= How to complete this task =
Your answer must be the exact lines of the listing below that run from the line with "Mit offenen Armen" to the line with "Imágenes de la", ends included, and no pictures.

(Dataset excerpts)

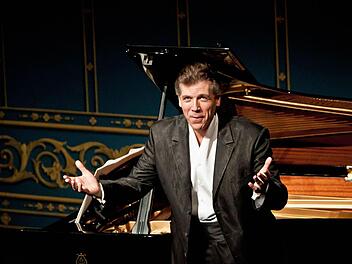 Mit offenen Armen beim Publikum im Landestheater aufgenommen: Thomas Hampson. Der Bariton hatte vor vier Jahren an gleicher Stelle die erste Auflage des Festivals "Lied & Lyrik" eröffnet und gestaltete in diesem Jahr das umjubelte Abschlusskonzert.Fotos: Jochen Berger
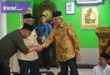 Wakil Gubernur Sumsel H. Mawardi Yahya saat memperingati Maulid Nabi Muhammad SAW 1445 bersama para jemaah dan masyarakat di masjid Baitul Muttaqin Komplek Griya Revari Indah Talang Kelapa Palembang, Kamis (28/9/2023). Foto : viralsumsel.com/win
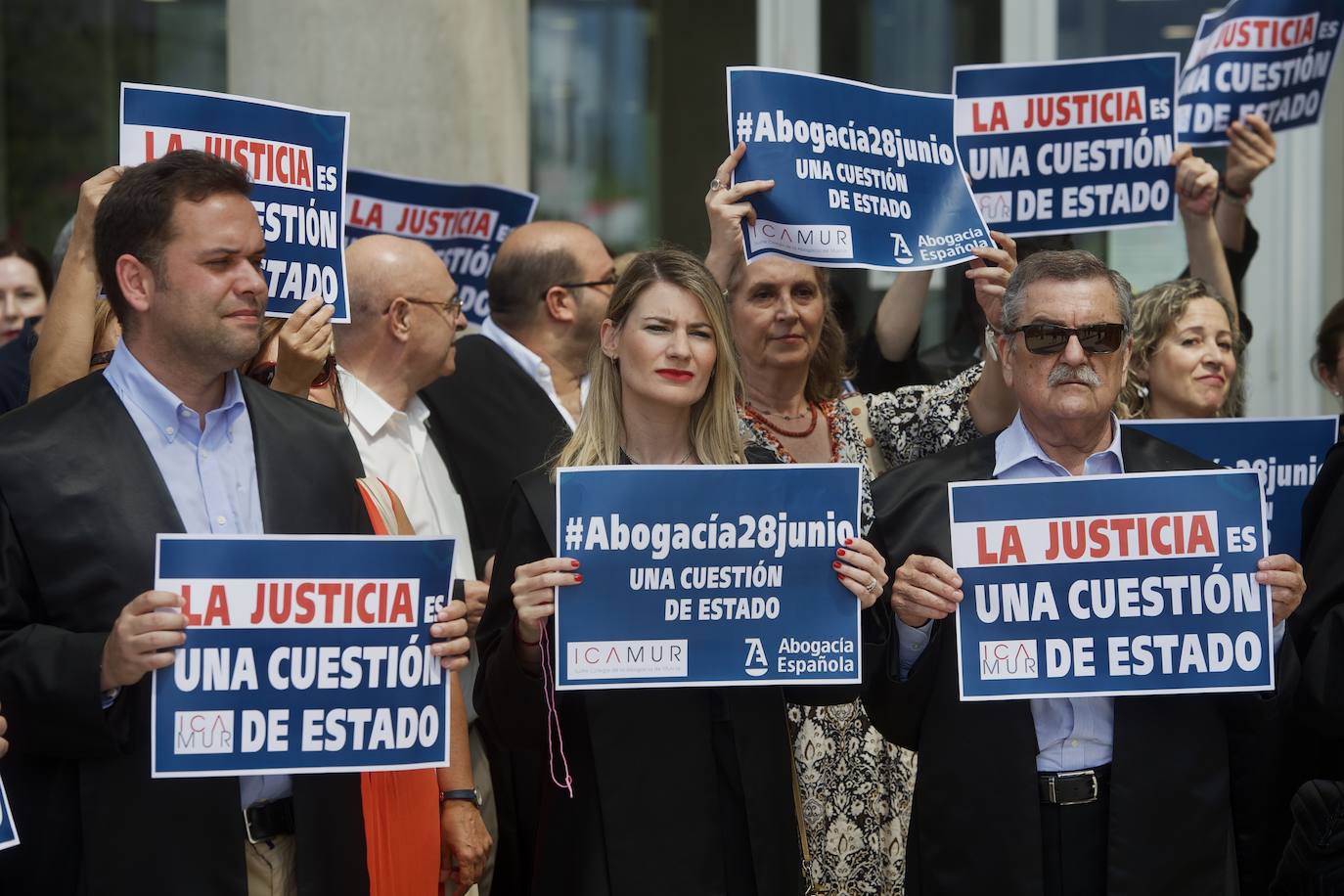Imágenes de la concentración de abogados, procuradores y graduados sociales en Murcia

(End Dataset excerpts)
(Dataset excerpts)

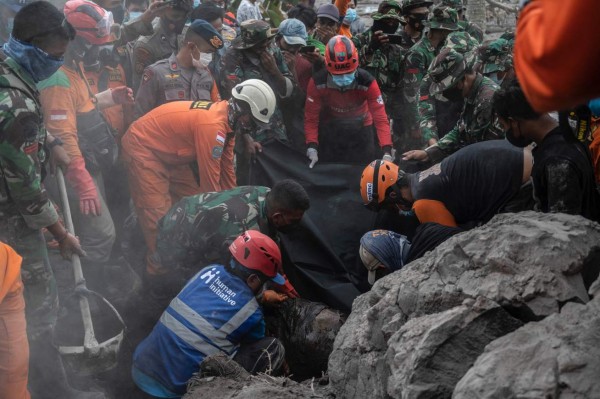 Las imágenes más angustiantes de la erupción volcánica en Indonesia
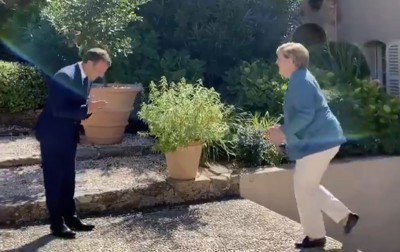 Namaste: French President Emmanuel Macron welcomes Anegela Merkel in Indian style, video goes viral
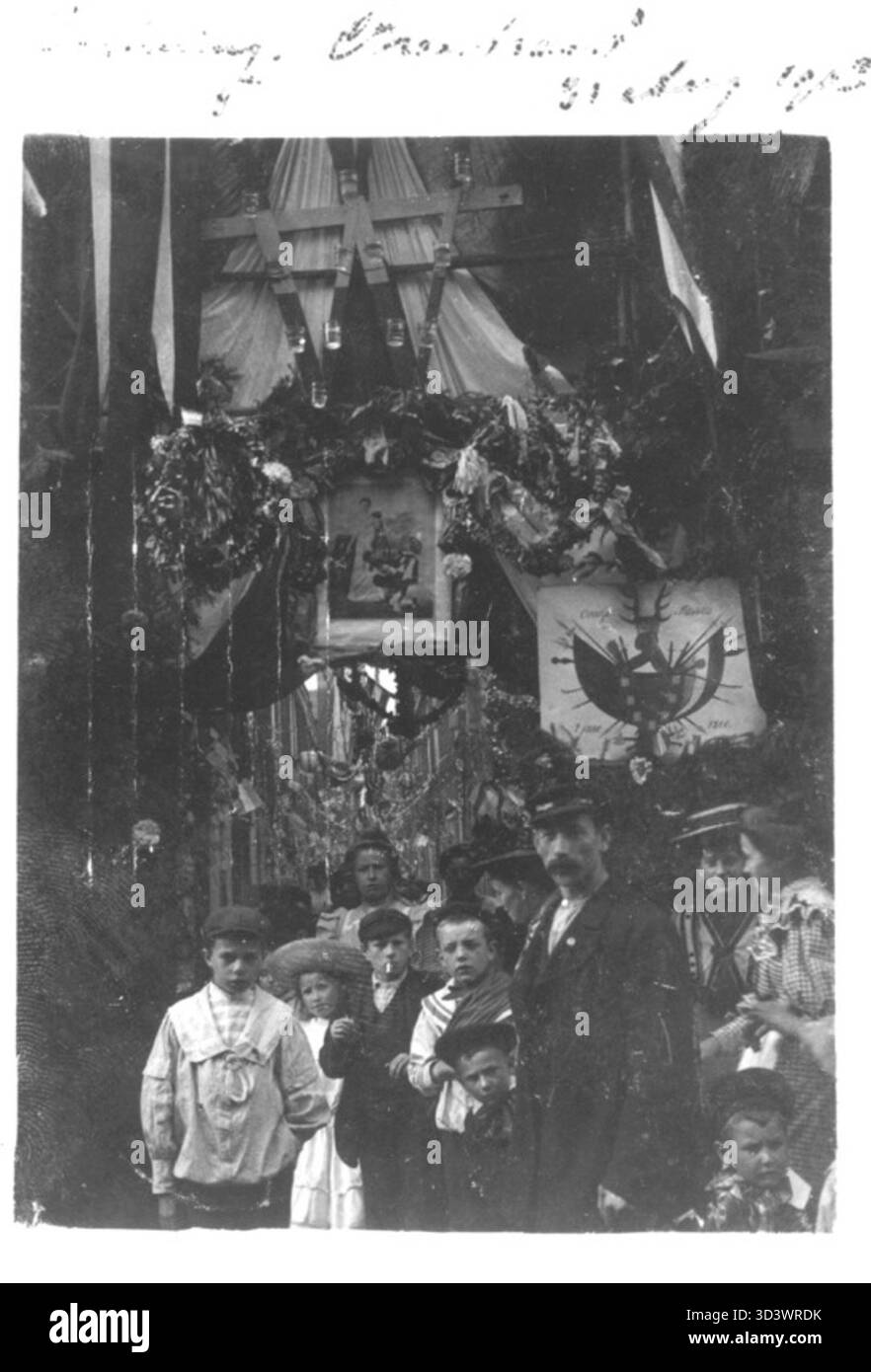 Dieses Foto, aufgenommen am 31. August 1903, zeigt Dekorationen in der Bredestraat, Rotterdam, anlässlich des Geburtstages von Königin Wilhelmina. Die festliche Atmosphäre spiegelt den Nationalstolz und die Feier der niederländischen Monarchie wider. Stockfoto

(End Dataset excerpts)
(Dataset excerpts)

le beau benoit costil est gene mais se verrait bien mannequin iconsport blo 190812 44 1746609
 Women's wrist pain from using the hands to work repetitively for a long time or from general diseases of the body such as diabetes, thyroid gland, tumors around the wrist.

(End Dataset excerpts)

= Problem solution =
 Mit offenen Armen beim Publikum im Landestheater aufgenommen: Thomas Hampson. Der Bariton hatte vor vier Jahren an gleicher Stelle die erste Auflage des Festivals "Lied & Lyrik" eröffnet und gestaltete in diesem Jahr das umjubelte Abschlusskonzert.Fotos: Jochen Berger
 Wakil Gubernur Sumsel H. Mawardi Yahya saat memperingati Maulid Nabi Muhammad SAW 1445 bersama para jemaah dan masyarakat di masjid Baitul Muttaqin Komplek Griya Revari Indah Talang Kelapa Palembang, Kamis (28/9/2023). Foto : viralsumsel.com/win
Imágenes de la concentración de abogados, procuradores y graduados sociales en Murcia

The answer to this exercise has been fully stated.